This is often quite convenient. However, there is a simpler version for this scenario. It looks very similar:

lapply(df, quantile,  seq(0, 1, by = .1))

This is the equivalent of

list( quantile(x[[1]], seq(0, 1, by = .1)), 
      quantile(x[[2]], seq(0, 1, by = .1)), 
	  ...., 
	  quantile(x[[n]], seq(0, 1, by = .1) ))

We can pass any number of additional arguments to our FUN in lapply().

lapply(df, quantile, seq(0, 1, by = .1), TRUE, FALSE)

It is often much clearer to specify the arguments by name

lapply(df, quantile, seq(0, 1, by = .1), na.rm = TRUE, names = FALSE)

It is somewhat confusing that these arguments are for FUN, and not for lapply. So let's look at the definition of lapply, specifically the signature (i.e. parameters and default values)

function (X, FUN, ...) 
{
    FUN <- match.fun(FUN)
    if (!is.vector(X) || is.object(X)) 
        X <- as.list(X)
    .Internal(lapply(X, FUN))
}
<bytecode: 0x7fca1902ae60>
<environment: namespace:base>

So all of the additional arguments are mapped to .... What we cannot see in the definition of the function (because it calls .Internal()) is that all of the ... are passed to FUN. So if we implemented lapply in R code, it would involve calls of the form

FUN( X[[i]], ...)

We, of course, do not have to name all arguments or specify a value for each parameter. Instead, we can use the way R matches arguments to parameters to understand how to specify the arguments in the way that will match the parameters as we desire.

Simplification in sapply()

sapply() is literally a call to lapply() followed up by an attempt to simplify the result. This is useful for interactive use or when we know that all calls to the function FUN will definitely give us a value we expect and sapply() will simplify to what we want. For example, if FUN always returns a single scalar value (logical, integer, numeric, character), sapply() will collapse the result to a vector, e.g.,

sapply(docTexts, function(x) any(grepl("colorado", x)))

The (anonymous) function will return a single logical value. sapply() will then collapse this to a logical vector.
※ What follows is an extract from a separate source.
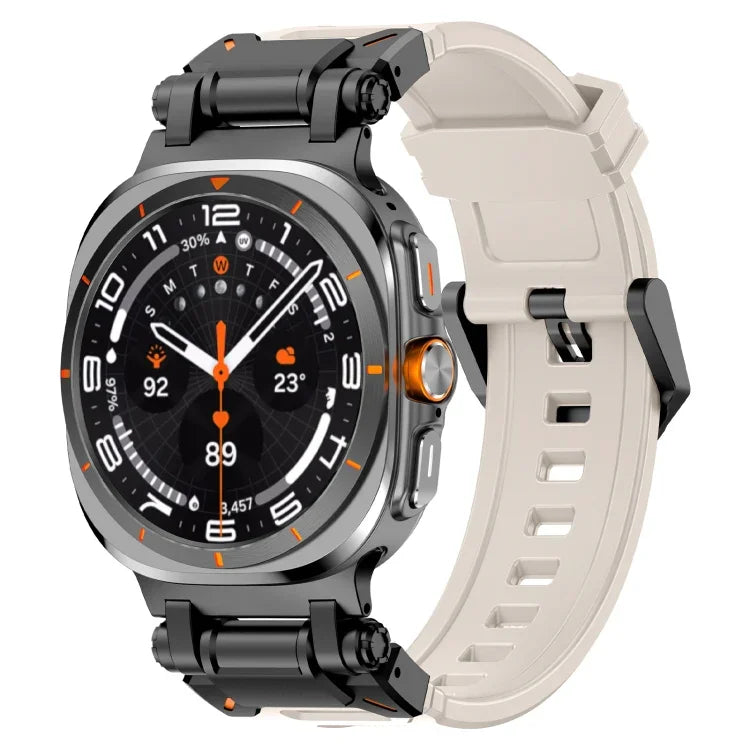 黒コネクタークイックリリースシリコン時計バンド、Samsung Galaxy Watch Ultra 47mm / Ultra 2025用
Is our anonymous function we are apply()'ing guaranteed to return a TRUE or a FALSE value? What will grepl() return if the character vector x is the empty character vector? It will return logical(0). So what will any(logical(0)) return? We might expect a logical(0), but in fact, it returns FALSE. So our function is guaranteed to return a non-empty logical vector with length 1.

So sapply() will collapse the result to a vector.

However, consider if we had done the computations differently, by collapsing the lines from readLines(), so that docTexts was a character vector and not a list with each element a character vector of different lengths, i.e., the number of lines.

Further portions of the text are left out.